Segment Start: DATASET

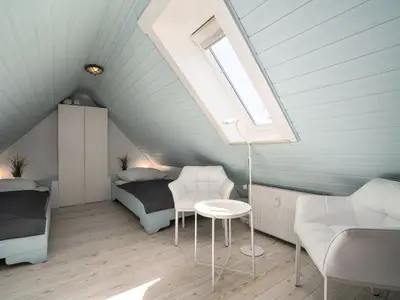 Ferienwohnung für 4 Personen (46 m²) in Schönberger Strand 9/10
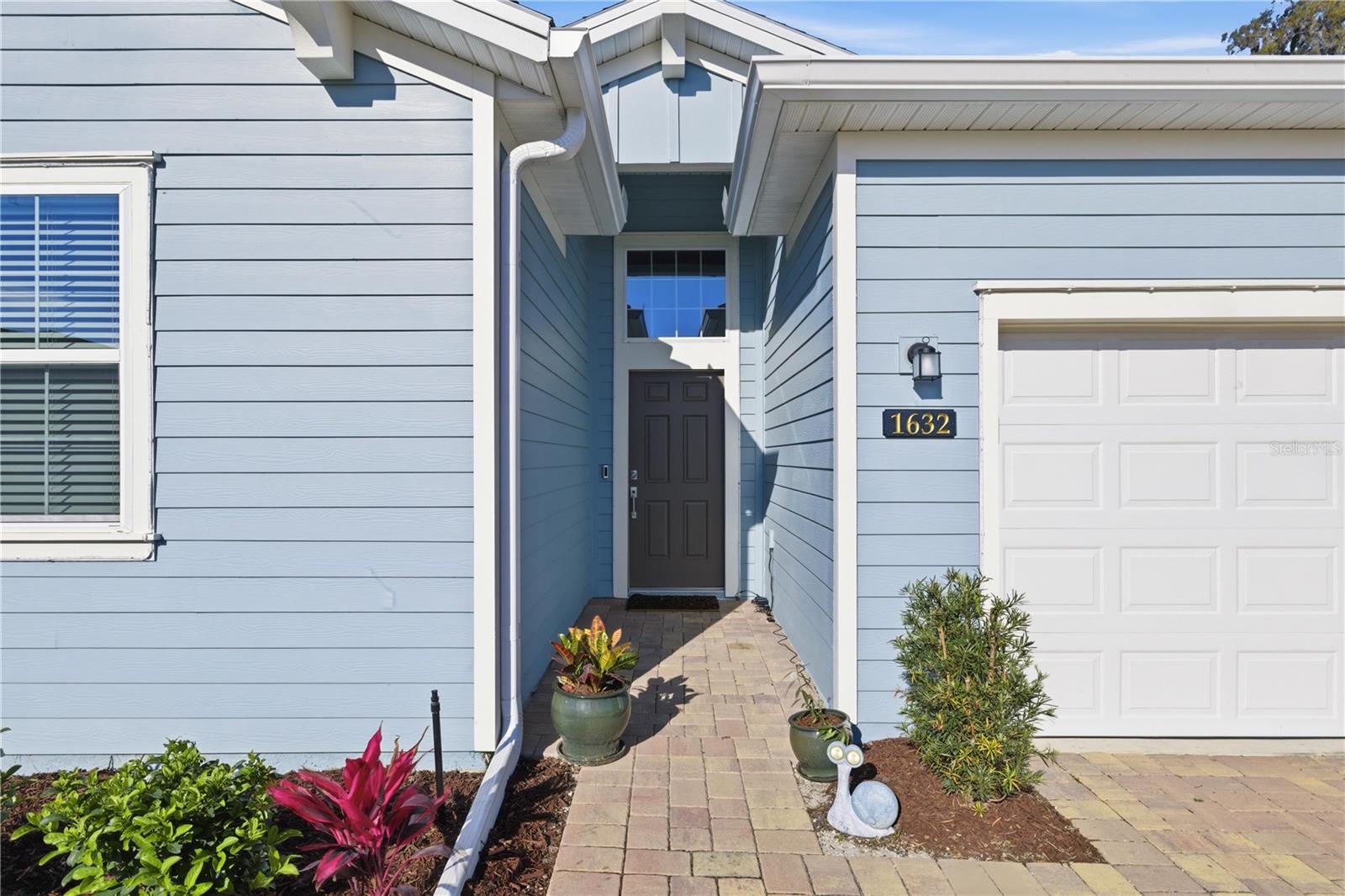 HEATH PRESERVE - Residential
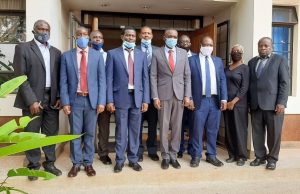 Uace Our Gallery – Uganda Engineers Registration Board
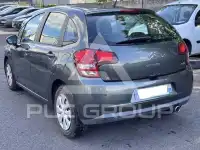 2010 Citroen C3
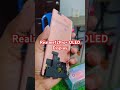Realme12Pro+ OLED Display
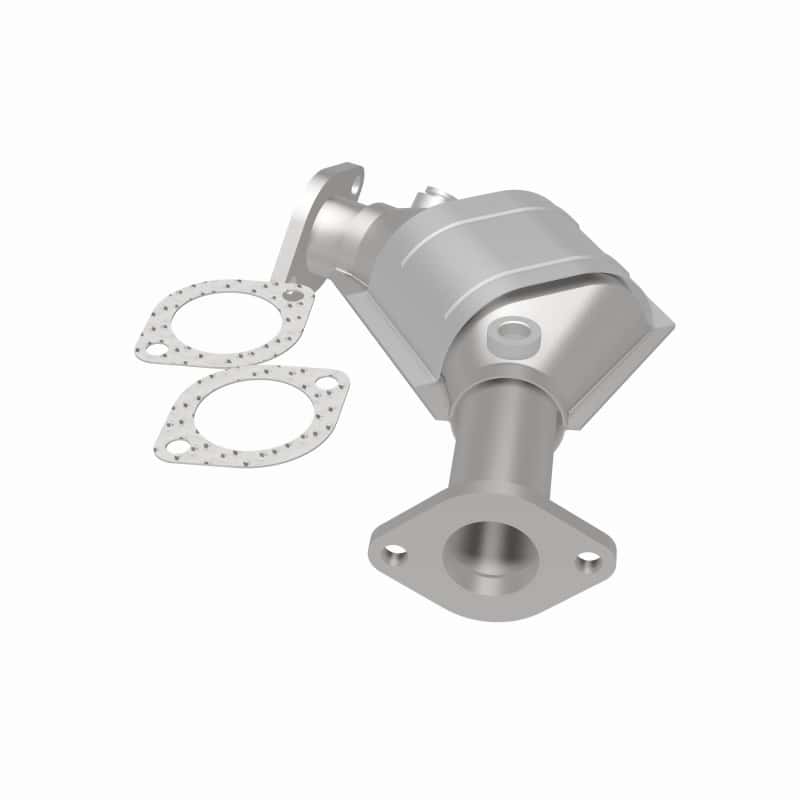 Magnaflow — MagnaFlow Conv DF Impreza 2.2L Front Conv
HM Grade
HM - view 13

Segment End: DATASET

Give back exactly the lines from the line with "Magnaflow — MagnaFlow" through the final line of the entries above, and keep pictures out of the copy.

### [RESPONSE BOX]
 Magnaflow — MagnaFlow Conv DF Impreza 2.2L Front Conv
HM Grade
HM - view 13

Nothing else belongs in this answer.